**What needs to be done:**
Only one stretch of the listing below is wanted. Begin at the line that has "15 Best Collection", stop after the line that has "efn_leolein", and repeat every line in between exactly.
** Opening Supplied material block **
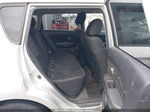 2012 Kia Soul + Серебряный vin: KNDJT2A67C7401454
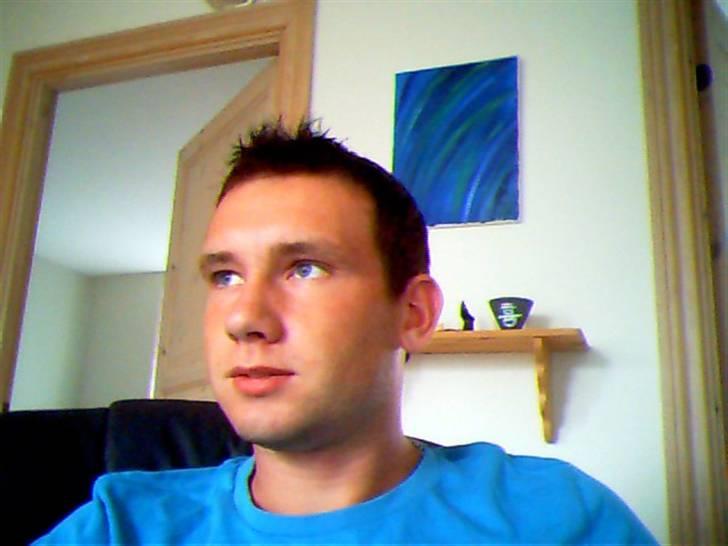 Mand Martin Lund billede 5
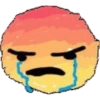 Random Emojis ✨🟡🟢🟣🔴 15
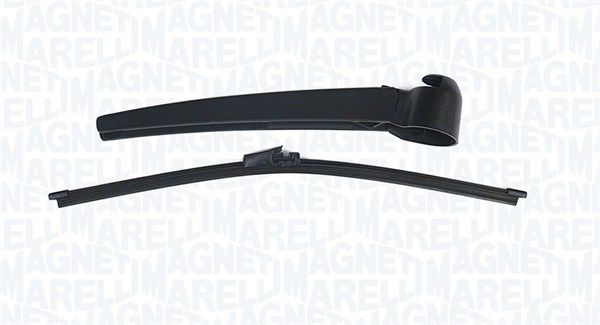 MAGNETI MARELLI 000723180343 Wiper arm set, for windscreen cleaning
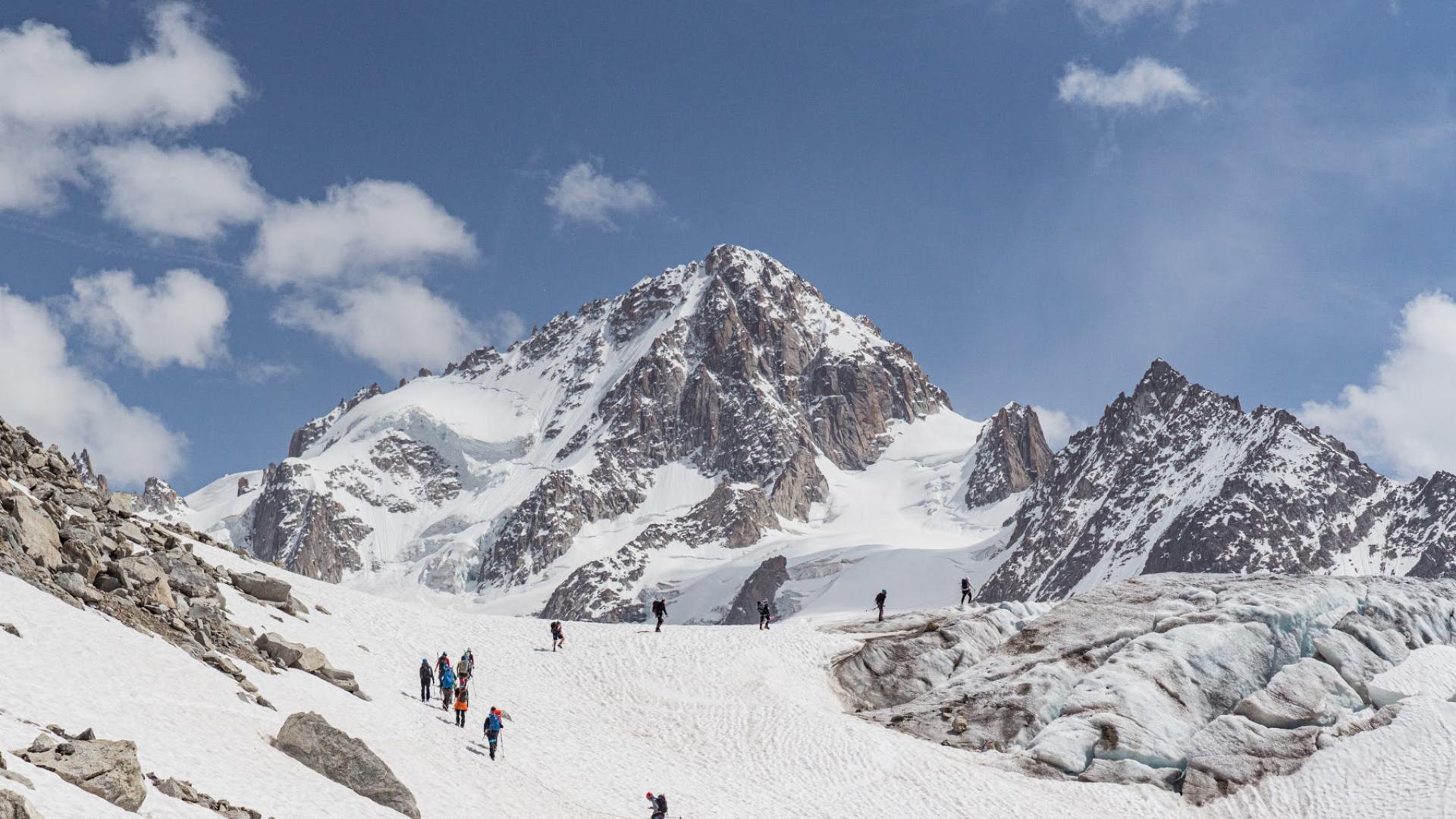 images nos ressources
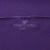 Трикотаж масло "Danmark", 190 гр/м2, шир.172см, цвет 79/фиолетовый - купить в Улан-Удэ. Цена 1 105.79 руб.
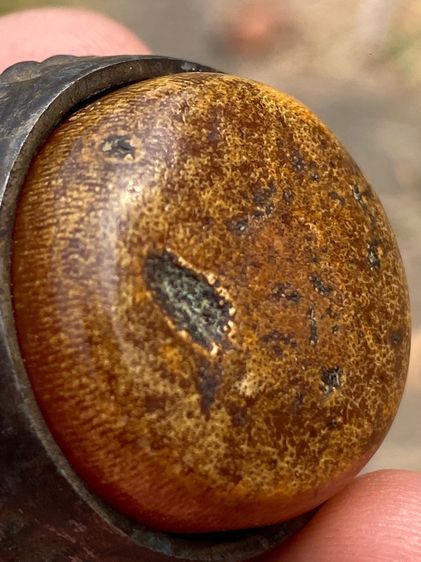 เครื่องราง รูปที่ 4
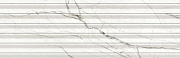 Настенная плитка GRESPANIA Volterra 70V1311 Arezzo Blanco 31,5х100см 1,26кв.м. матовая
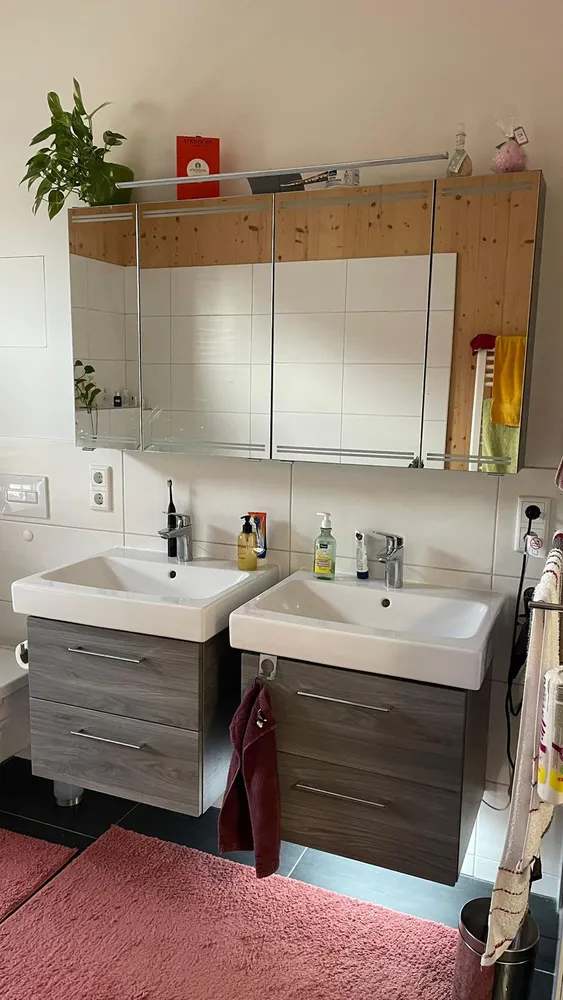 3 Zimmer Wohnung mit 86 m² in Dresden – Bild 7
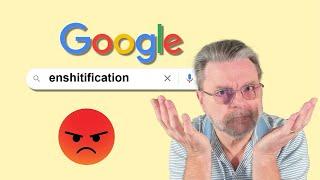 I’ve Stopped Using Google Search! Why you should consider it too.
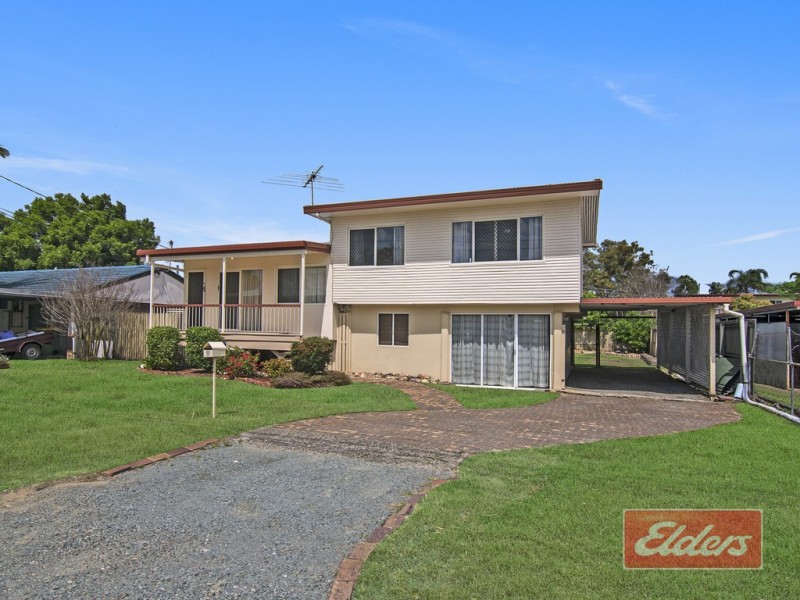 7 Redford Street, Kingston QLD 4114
** Closing Supplied material block **
** Opening Supplied material block **
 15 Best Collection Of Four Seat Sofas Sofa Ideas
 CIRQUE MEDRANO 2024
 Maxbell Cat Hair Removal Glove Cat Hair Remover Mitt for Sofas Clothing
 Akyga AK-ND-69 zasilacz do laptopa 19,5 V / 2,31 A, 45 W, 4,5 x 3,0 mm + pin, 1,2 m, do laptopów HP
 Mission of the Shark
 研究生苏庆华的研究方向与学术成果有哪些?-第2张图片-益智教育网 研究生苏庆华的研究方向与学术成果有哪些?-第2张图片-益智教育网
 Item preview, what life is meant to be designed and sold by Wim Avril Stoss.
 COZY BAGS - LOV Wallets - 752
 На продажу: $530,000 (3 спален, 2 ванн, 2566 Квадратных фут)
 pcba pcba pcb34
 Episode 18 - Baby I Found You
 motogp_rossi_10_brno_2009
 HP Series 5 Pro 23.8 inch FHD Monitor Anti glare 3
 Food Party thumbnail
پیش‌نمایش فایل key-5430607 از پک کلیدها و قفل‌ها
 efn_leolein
** Closing Supplied material block **
** Opening Supplied material block **
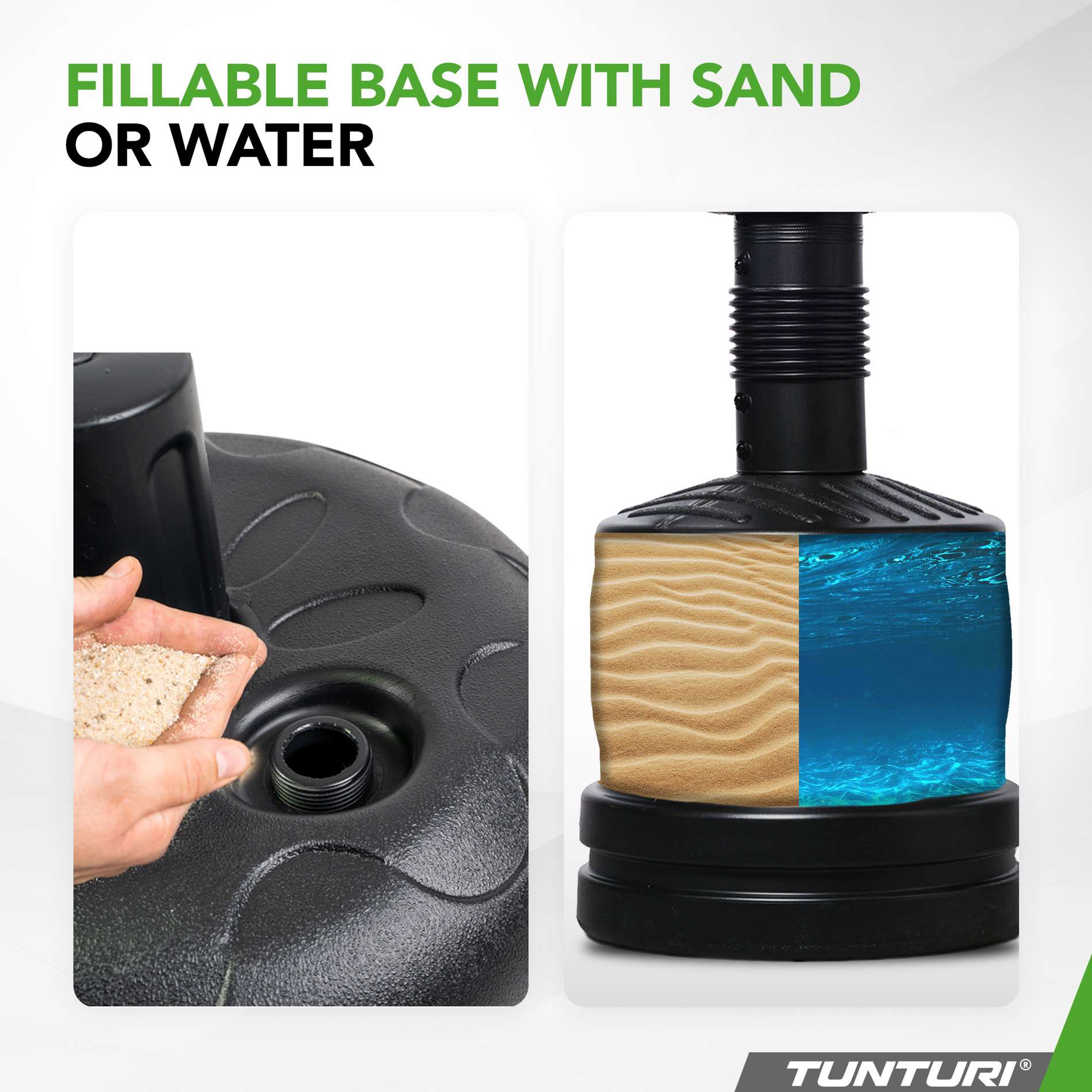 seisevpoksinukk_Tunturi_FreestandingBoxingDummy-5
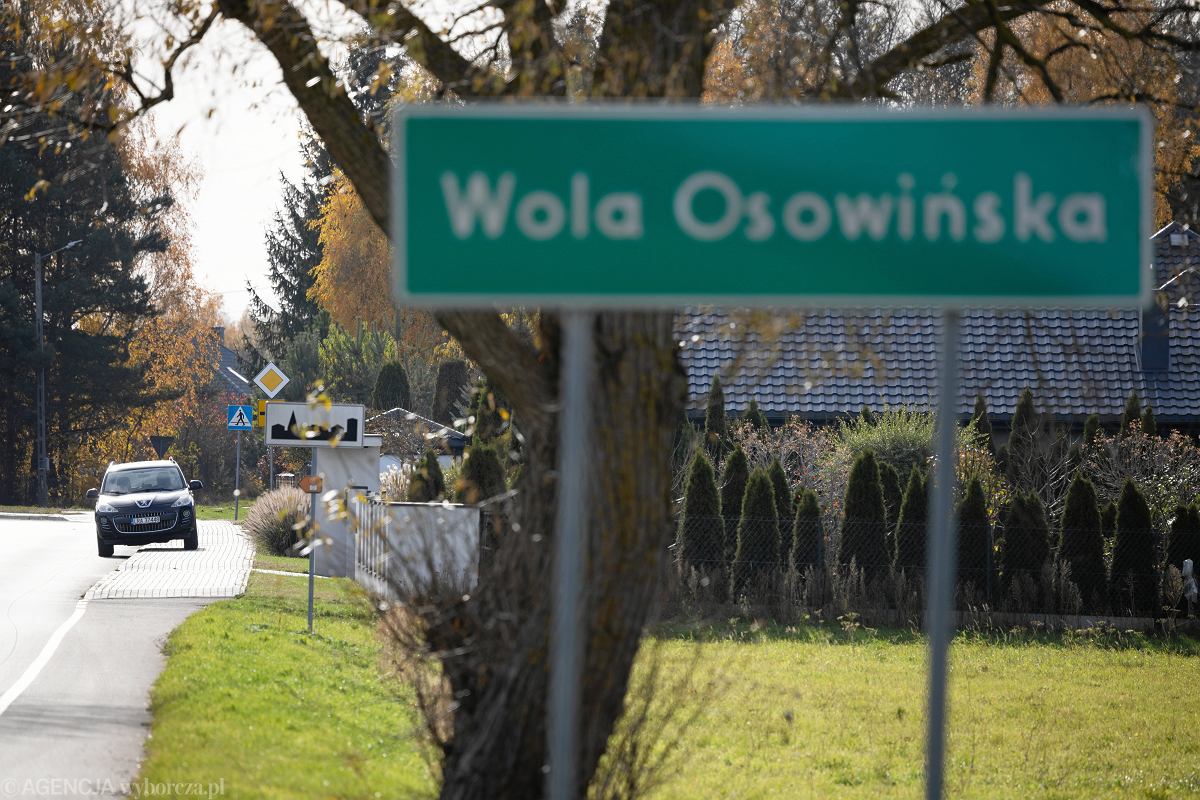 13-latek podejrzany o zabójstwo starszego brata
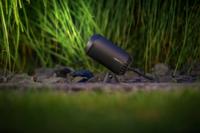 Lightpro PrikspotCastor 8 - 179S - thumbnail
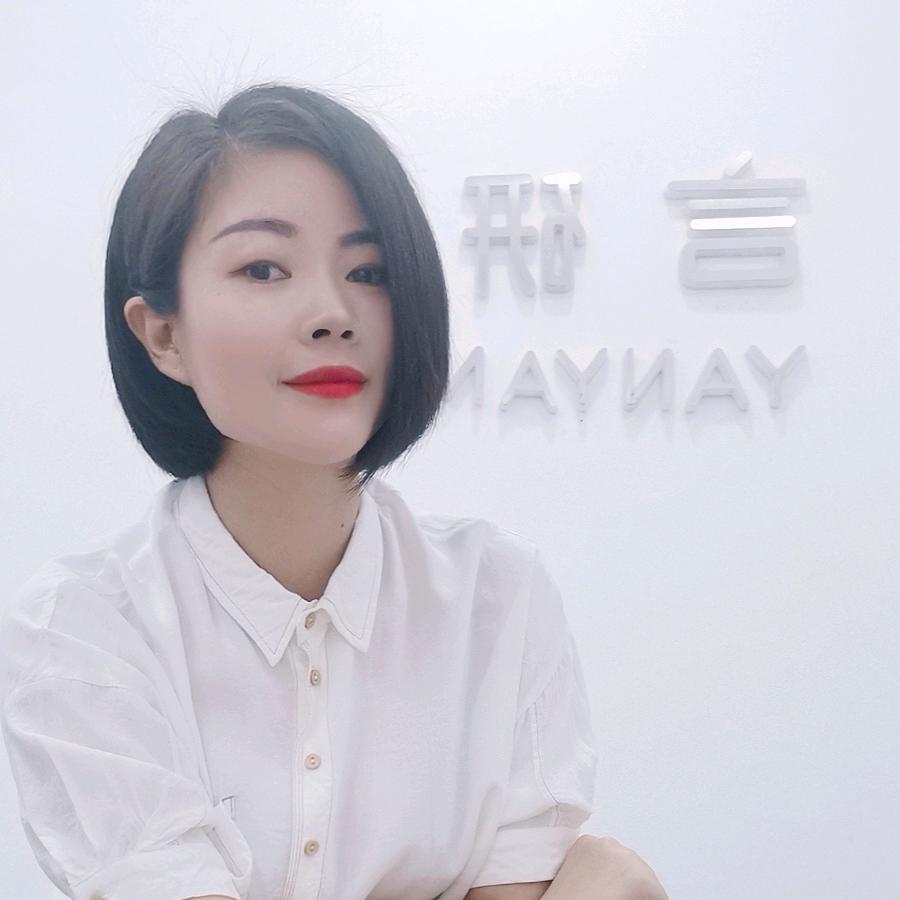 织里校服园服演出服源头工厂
** Closing Supplied material block **
**Solved problem:**
 15 Best Collection Of Four Seat Sofas Sofa Ideas
 CIRQUE MEDRANO 2024
 Maxbell Cat Hair Removal Glove Cat Hair Remover Mitt for Sofas Clothing
 Akyga AK-ND-69 zasilacz do laptopa 19,5 V / 2,31 A, 45 W, 4,5 x 3,0 mm + pin, 1,2 m, do laptopów HP
 Mission of the Shark
 研究生苏庆华的研究方向与学术成果有哪些?-第2张图片-益智教育网 研究生苏庆华的研究方向与学术成果有哪些?-第2张图片-益智教育网
 Item preview, what life is meant to be designed and sold by Wim Avril Stoss.
 COZY BAGS - LOV Wallets - 752
 На продажу: $530,000 (3 спален, 2 ванн, 2566 Квадратных фут)
 pcba pcba pcb34
 Episode 18 - Baby I Found You
 motogp_rossi_10_brno_2009
 HP Series 5 Pro 23.8 inch FHD Monitor Anti glare 3
 Food Party thumbnail
پیش‌نمایش فایل key-5430607 از پک کلیدها و قفل‌ها
 efn_leolein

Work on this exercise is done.